Le gouvernement y aura gagné une bataille sur l’opinion publique, dont un sondage sera venu opportunément clôturer la séquence et valider le bien-fondé de l’effet d’information. Il y aura une majorité sondagière pour valider le choix gouvernemental en faveur d’une loi d’interdiction totale. François Fillon et Jean François Copé crieront victoire, … victoire à la Pyrrhus, avertissions-nous en introduction à ce propos. L’imam de la mosquée égyptienne d’Al Azar, dans un entretien au quotidien Al Arabiya, le 30 juin 2009, comme autorité de l’islam sunnite rappelait que le port du niqab pour la femme musulmane n’avait rien d’une obligation religieuse. Il renvoyait ce débat au seul cadre hexagonal. Nous avons un peu trop éludé dans ce débat que nous étions engagé dans un combat politique, extérieur à nos principes de laïcité comme le rappelait le Conseil d’Etat. Dans l’effet d’information sur le niqab, nous retrouvons des groupuscules se réclamant du Salafisme. Eloignés de l’histoire de l’Islam, ils aspirent à une légitimité sur la communauté des croyants.  Pour Dounia Bouzar, anthropologue et chercheur associé à l’observatoire du fait religieux,  ces groupuscules sont des mouvements sectaires, au sens étymologique de « séparer ». Ces derniers n’hésitent pas à « excommunier » les autres formes de l’Islam. Par la provocation, ils conduisent nos régimes parlementaires à se prononcer dans l’urgence sur une pratique aussi inacceptable que le port du niqab.
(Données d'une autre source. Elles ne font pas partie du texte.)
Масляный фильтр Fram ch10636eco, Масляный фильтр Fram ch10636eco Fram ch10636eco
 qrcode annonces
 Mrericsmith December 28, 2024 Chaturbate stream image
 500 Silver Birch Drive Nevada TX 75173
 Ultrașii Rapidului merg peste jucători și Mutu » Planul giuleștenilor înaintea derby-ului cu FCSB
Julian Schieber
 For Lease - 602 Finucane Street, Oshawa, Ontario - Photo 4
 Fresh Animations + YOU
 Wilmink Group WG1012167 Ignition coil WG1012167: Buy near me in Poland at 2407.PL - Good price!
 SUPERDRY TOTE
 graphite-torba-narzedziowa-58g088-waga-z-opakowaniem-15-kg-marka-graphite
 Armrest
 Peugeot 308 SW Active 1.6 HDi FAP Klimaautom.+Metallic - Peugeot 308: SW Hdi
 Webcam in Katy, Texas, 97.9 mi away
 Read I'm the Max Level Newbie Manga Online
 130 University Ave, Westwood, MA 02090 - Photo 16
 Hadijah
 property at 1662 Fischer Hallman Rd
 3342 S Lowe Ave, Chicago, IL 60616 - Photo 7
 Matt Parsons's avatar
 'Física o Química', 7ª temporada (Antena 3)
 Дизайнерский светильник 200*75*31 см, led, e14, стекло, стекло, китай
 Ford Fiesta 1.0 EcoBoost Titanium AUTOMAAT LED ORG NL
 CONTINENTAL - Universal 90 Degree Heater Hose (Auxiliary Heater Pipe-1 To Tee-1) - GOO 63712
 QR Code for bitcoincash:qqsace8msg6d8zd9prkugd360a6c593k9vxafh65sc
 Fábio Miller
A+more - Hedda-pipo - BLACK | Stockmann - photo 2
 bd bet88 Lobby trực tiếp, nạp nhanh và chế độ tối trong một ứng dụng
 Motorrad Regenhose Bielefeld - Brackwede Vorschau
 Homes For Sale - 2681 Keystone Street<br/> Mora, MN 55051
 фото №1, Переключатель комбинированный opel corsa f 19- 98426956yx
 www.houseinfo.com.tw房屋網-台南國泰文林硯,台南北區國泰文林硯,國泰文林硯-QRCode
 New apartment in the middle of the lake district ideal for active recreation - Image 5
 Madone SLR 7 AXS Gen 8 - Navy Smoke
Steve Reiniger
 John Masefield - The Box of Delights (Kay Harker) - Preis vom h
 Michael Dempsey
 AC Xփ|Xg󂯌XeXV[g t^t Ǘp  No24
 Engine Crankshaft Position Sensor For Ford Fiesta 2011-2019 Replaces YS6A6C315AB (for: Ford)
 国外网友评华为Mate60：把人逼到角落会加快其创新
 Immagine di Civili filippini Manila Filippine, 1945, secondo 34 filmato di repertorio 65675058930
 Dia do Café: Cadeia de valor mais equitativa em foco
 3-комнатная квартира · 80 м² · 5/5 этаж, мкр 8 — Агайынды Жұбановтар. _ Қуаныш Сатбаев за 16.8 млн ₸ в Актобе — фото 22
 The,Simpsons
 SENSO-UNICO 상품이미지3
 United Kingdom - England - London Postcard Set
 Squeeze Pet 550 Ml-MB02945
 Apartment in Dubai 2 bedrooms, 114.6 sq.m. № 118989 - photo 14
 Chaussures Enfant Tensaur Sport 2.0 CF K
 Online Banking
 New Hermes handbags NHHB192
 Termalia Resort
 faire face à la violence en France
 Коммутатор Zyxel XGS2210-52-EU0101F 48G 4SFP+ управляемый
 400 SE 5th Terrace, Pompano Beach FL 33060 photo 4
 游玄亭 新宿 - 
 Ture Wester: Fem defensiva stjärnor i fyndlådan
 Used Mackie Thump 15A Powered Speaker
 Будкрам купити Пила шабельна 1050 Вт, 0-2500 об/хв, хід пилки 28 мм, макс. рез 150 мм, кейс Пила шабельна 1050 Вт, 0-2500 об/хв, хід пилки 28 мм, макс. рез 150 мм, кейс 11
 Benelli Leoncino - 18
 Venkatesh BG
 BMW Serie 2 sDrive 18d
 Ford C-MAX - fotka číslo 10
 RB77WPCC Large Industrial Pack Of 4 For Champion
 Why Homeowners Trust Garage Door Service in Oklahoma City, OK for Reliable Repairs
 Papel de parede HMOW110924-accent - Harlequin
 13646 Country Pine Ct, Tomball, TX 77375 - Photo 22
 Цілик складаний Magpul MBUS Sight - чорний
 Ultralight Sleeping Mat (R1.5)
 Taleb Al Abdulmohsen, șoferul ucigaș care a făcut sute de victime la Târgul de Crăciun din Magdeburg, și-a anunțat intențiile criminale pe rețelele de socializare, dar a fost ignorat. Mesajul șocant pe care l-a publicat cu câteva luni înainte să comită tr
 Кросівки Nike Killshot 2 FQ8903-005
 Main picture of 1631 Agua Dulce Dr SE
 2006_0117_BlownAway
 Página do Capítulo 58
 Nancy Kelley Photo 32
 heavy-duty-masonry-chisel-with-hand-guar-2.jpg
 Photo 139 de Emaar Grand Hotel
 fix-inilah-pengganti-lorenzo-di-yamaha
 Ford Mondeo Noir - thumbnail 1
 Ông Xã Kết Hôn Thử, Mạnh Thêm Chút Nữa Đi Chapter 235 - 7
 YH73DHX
Imprécis juridiquement, ces textes législatifs ne résisteront pas à l’analyse sérieuse des plus hautes juridictions, offrant ainsi la notoriété tant attendue à ces mouvements sectaires. Demain, ils pèseront sur les échéances électorales au sein du Conseil français du Culte Musulman.

 

La limitation de l’interdiction du niqab aux services publics et aux transports publics serait une solution de sagesse, au regard de notre Etat de Droit. En soulevant le problème juridique du champ d’application de la future loi, dans le contexte du rapport contestable entre majorité présidentielle et libertés fondamentales, il serait judicieux de reprendre la position du Haut Conseil à l’Intégration en faveur d’un code ou d’une charte de la laïcité. Elle serait un moyen efficace de compléter la loi de 1905 sur des aspects qui n'avaient pas été prévus à l'époque et nous prémunirait de ces encouragements à cette pratique choquante du voile intégrale. Notre pacte républicain est fragile. Ce gouvernement lui témoignetrop de légèreté en malmenant l'Etat de Droit. Notre seule urgence est de rétablir l’unité républicaine.